EXERCISE ::
Reproduce only what lies between the first line of the material below and the line containing "Duneweave Roll-Up Picnic Blanket", with both of those lines included and every line kept exact.

PROVIDED DATA ::
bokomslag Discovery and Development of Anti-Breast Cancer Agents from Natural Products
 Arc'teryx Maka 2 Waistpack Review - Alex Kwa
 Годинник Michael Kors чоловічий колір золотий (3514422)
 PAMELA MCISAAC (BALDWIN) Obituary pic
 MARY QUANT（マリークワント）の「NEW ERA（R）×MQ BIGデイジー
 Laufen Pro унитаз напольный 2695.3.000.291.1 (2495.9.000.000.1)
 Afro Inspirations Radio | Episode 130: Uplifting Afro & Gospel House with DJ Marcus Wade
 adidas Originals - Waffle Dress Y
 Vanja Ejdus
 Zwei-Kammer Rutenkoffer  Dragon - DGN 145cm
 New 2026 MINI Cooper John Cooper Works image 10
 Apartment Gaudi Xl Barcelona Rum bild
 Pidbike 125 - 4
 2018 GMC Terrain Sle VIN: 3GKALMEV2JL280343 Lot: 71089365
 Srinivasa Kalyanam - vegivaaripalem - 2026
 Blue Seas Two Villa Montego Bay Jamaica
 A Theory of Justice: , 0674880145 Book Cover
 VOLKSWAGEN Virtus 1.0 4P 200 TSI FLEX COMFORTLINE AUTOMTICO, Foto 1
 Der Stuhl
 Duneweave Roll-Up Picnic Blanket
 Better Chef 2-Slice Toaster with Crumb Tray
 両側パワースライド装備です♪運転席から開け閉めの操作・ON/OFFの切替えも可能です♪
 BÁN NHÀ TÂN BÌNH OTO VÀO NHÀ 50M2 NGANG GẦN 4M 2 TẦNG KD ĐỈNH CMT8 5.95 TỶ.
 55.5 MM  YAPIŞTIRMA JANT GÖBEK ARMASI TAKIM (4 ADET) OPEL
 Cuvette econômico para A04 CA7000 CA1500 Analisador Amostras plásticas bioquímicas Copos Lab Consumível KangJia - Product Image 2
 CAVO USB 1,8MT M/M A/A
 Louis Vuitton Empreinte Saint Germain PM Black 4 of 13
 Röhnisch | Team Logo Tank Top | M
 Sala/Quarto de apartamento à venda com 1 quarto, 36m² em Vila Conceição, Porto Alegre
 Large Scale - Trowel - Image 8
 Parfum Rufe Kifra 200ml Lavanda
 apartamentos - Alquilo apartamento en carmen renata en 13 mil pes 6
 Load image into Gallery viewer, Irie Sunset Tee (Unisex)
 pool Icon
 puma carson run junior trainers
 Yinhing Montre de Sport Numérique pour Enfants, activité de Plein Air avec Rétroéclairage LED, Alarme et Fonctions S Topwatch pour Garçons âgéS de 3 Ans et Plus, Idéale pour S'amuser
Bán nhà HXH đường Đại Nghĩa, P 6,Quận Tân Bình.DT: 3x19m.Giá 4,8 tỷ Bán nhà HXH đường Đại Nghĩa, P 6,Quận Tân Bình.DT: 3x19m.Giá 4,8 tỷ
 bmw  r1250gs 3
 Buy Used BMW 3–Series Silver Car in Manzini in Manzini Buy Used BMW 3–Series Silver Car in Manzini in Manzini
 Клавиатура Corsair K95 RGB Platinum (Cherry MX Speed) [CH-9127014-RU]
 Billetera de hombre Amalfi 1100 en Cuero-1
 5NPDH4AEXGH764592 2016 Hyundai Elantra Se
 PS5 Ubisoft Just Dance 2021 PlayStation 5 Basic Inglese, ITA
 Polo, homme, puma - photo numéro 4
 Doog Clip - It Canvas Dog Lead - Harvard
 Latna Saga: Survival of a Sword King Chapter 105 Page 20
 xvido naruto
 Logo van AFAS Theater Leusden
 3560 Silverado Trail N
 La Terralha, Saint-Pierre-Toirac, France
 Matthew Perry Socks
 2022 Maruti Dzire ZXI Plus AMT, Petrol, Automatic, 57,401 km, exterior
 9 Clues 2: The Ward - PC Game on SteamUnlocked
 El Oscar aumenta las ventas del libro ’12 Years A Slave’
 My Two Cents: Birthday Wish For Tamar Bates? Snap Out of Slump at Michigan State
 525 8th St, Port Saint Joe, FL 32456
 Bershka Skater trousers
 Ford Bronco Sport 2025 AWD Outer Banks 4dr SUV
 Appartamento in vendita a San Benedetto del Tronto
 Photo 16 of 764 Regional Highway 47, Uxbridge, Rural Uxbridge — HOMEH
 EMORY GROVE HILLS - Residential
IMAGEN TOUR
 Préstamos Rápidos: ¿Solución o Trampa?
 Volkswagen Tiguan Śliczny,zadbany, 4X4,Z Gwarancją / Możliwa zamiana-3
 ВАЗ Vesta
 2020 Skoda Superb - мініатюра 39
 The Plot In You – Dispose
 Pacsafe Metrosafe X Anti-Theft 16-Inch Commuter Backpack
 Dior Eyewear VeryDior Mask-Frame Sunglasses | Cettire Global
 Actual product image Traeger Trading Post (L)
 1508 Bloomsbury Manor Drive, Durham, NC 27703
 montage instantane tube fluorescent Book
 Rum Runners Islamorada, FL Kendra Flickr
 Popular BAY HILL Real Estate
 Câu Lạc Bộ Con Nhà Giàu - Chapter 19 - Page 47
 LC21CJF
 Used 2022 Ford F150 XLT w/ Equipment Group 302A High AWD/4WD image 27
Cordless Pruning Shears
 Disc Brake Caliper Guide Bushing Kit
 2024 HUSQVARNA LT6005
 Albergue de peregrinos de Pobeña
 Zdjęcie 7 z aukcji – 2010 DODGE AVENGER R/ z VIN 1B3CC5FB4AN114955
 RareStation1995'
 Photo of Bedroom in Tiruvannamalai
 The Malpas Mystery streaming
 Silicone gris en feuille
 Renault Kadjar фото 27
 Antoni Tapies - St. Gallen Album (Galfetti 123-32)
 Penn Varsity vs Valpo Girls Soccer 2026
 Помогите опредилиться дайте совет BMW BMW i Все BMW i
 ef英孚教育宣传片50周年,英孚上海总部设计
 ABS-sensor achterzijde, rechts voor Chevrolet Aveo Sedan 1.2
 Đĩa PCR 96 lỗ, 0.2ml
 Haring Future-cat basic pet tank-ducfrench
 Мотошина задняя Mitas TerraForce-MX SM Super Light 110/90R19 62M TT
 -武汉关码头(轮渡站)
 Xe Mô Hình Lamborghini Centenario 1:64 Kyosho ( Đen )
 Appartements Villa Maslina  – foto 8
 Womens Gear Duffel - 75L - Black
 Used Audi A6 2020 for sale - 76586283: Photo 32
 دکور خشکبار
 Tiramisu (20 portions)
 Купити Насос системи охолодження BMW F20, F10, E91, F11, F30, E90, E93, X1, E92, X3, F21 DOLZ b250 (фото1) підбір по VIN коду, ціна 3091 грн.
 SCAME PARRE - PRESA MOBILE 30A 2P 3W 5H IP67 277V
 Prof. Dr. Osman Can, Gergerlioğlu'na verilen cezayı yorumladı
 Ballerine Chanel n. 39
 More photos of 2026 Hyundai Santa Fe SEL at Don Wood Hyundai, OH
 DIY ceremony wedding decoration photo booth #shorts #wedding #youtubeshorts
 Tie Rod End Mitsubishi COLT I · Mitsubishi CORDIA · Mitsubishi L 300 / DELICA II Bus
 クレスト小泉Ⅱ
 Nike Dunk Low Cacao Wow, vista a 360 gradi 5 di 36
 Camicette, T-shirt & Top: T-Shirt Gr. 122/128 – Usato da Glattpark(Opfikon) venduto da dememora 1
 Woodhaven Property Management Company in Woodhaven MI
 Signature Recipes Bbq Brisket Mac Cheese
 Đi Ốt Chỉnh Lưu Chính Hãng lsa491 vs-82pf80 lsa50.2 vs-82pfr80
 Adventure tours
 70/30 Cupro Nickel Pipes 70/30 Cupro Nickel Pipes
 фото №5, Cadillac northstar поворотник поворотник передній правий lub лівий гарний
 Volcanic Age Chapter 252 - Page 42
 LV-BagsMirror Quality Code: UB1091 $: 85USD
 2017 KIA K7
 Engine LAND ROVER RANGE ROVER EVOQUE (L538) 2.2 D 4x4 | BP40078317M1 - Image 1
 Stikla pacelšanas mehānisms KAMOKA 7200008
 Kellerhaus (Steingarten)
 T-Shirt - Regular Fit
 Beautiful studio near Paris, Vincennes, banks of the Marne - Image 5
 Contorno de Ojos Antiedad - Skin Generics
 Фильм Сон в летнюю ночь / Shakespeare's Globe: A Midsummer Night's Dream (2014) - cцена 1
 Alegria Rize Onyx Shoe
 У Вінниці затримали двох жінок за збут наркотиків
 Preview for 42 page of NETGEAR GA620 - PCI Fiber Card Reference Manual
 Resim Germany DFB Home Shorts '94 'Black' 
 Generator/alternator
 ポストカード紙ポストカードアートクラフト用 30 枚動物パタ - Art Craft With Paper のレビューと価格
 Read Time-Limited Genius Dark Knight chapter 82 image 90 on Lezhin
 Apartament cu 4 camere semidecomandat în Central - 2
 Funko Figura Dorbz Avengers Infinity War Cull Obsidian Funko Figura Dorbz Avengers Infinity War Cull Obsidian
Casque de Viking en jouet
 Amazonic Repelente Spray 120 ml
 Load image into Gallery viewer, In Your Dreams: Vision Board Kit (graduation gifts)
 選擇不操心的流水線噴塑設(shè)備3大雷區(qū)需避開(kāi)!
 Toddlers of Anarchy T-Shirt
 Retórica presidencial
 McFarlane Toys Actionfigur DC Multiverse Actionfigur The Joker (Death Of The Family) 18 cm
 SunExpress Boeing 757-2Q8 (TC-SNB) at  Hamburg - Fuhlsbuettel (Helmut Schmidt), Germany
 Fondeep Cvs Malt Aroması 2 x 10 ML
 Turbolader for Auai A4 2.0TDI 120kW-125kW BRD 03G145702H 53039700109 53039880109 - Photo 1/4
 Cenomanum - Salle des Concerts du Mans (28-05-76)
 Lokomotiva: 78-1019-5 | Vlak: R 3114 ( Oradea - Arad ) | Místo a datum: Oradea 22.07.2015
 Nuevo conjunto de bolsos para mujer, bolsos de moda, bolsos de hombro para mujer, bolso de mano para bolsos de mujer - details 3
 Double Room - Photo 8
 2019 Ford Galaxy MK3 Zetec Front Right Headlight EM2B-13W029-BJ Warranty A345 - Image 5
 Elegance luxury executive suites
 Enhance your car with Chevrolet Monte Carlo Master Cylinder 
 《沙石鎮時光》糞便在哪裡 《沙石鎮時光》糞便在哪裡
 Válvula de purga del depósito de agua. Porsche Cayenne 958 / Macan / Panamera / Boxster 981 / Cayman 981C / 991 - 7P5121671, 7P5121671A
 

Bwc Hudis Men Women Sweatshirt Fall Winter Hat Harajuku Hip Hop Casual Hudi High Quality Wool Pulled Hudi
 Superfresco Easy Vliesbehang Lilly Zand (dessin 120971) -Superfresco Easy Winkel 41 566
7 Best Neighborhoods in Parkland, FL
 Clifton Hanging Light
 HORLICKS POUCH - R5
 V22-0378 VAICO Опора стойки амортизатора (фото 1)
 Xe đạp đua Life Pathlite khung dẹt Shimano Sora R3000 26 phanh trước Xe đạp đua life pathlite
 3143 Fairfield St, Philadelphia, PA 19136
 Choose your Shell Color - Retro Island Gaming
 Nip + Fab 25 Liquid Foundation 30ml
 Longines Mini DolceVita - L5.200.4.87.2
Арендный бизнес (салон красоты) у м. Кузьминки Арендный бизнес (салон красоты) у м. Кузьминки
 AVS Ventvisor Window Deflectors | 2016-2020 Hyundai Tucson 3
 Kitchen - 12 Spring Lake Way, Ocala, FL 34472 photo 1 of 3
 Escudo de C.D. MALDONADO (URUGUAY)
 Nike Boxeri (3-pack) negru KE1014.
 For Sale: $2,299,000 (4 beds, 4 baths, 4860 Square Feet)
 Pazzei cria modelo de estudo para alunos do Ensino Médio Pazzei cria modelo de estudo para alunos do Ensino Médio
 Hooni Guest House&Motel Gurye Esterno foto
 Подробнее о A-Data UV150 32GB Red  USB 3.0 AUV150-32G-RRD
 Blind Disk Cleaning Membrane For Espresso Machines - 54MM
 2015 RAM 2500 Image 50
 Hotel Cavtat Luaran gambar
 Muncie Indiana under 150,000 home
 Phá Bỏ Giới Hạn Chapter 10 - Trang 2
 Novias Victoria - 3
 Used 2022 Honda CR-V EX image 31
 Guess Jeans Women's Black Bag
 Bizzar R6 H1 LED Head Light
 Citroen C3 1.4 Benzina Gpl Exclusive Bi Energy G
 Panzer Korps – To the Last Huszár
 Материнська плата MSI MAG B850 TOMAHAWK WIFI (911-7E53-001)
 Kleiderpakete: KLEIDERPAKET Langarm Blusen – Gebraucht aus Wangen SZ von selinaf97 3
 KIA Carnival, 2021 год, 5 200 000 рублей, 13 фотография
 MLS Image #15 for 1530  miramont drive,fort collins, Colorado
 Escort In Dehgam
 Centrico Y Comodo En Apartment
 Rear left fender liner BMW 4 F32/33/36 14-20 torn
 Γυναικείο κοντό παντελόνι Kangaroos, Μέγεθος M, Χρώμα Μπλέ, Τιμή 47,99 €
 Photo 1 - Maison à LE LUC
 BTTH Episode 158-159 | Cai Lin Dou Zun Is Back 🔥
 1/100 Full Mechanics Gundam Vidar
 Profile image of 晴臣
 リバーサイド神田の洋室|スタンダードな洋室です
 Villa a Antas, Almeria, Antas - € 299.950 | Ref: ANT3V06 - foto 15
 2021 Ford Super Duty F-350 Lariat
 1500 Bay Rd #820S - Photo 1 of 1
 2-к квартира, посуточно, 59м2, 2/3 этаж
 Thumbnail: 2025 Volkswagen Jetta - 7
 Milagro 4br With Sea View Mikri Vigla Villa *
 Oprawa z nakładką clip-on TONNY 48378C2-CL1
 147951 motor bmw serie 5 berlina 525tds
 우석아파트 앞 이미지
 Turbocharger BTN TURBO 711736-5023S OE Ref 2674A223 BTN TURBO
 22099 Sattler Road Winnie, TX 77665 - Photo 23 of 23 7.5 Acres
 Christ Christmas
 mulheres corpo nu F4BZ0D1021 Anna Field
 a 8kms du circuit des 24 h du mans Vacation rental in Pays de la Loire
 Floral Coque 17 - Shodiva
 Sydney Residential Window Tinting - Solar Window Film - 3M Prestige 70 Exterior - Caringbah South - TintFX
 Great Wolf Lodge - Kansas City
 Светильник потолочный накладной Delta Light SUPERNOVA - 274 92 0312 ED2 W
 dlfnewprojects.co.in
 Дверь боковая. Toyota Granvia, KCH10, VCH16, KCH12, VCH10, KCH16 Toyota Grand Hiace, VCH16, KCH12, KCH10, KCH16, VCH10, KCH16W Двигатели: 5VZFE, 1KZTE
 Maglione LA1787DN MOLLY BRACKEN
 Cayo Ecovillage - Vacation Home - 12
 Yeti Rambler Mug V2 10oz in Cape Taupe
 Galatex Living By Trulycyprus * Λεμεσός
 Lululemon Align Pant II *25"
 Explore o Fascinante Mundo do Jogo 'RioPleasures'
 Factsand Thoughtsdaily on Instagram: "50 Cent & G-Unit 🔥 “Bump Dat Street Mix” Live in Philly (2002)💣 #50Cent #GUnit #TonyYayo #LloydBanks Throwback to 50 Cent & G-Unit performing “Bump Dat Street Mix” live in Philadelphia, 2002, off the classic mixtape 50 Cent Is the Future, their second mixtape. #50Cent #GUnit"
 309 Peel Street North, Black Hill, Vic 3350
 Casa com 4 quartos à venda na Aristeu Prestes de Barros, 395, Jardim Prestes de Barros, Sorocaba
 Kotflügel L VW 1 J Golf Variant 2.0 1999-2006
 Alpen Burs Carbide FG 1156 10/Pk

WRITTEN SOLUTION ::
bokomslag Discovery and Development of Anti-Breast Cancer Agents from Natural Products
 Arc'teryx Maka 2 Waistpack Review - Alex Kwa
 Годинник Michael Kors чоловічий колір золотий (3514422)
 PAMELA MCISAAC (BALDWIN) Obituary pic
 MARY QUANT（マリークワント）の「NEW ERA（R）×MQ BIGデイジー
 Laufen Pro унитаз напольный 2695.3.000.291.1 (2495.9.000.000.1)
 Afro Inspirations Radio | Episode 130: Uplifting Afro & Gospel House with DJ Marcus Wade
 adidas Originals - Waffle Dress Y
 Vanja Ejdus
 Zwei-Kammer Rutenkoffer  Dragon - DGN 145cm
 New 2026 MINI Cooper John Cooper Works image 10
 Apartment Gaudi Xl Barcelona Rum bild
 Pidbike 125 - 4
 2018 GMC Terrain Sle VIN: 3GKALMEV2JL280343 Lot: 71089365
 Srinivasa Kalyanam - vegivaaripalem - 2026
 Blue Seas Two Villa Montego Bay Jamaica
 A Theory of Justice: , 0674880145 Book Cover
 VOLKSWAGEN Virtus 1.0 4P 200 TSI FLEX COMFORTLINE AUTOMTICO, Foto 1
 Der Stuhl
 Duneweave Roll-Up Picnic Blanket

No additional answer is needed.